Based on data from the Chicago Board of Trade (CBOT), the world soybean price in December 2020 was USD 13.12 per bushels for supply in January 2021. However, in January 2021 the price rose 4.42% to USD 13.7 per bushels for supply in February 2021. This increase makes the price of imported soybeans at the level of tofu and tempeh craftsmen in February potentially around IDR 9500 per kilogram. The price has increased from the previous which was only around IDR 9100-9200 per kilogram. With the increase in imported soybeans, there was an adjustment in the price of tofu from the previous IDR 600 per piece to around IDR 650 per piece. Then the price of tempeh from the previous IDR 15,000 per kilogram rose to around IDR 16,000 per kilogram.
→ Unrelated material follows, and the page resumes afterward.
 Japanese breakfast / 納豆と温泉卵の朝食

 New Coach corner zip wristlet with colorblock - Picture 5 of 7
Based on this, producers are faced with the dilemma of price adjustment at the consumer level. The chairman of the Association of Indonesian Tempeh and Tofu Producers Cooperatives (Gakoptindo) said that the craftsmen in West Java have started to reduce production. This is done in order to reduce losses that could arise because the craftsmen cannot directly increase the selling price of tofu and tempeh.

The Ministry of Trade (Kemendag) stated that there was a decline in world soybean prices at the end of May 2021 but an increase again in early June 2021. The government asked soybean importers to adjust the price of imported soybeans so that they remained stable so that they could help tofu and tempeh craftsmen to continue producing. (Source: www.kompas.com and www.tempo.com).
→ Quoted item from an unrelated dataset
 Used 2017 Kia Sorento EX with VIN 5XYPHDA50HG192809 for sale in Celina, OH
Based on data from the Chicago Board of Trade (CBOT), soybean prices began to show a downward trend. In the fourth week of May 2021, soybean prices are in the range of USD 15.04 per bushels or IDR 9,220 per kilogram landed price. This figure has decreased by 5.1% from the previous week, which was USD 15.86 per bushels or IDR 9,604 per kilogram landed price. In early June 2021, soybean prices were in the range of USD 15.42 per bushels or around USD 566 per ton. With these conditions, the landed price is in the range of IDR 9,377 per kg. Meanwhile, prices at the importer level are in the range of IDR 10,206 per kg. The tofu and tempeh craftsmen even mention that the price of soybeans has reached IDR 11,000 per kg in some areas.

The Ministry of Trade hopes that the decline in world soybean prices is expected to continue as several producing countries have entered the harvest period. This is because, although prices have started to decline, world soybean prices are still quite high. This will have an impact on the temporary adjustment of the prices of tofu and tempeh by 10-15%.

In addition, there are other problems that cause the purchase price of imported soybeans to remain high even though world soybean prices have decreased. Perum Bulog (State Logistics Agency) stated that the current high price of soybeans was caused by cartel practices and bureaucracy. The root of the problem of rising soybean prices is not a shortage of supply or limited foreign production. But due to the practice of cartels from soybean importers. Prices of imported food such as soybeans, corn, garlic, and meat are actually relatively cheap. However, it becomes expensive when it reaches consumers because of its multi-layered distribution. Every time the distribution move from one party to another, there will be a fee, so the shipping costs are expensive. Then the cost is finally passed on to the consumer. (Source: www.kompas.com)

Until now, soybean imports are still very much needed due to the lack of supply before entering the main harvest. Therefore, the handling of these problems must be addressed immediately so that the tofu and tempeh industry can develop in accordance with the expectations of the government and its producers.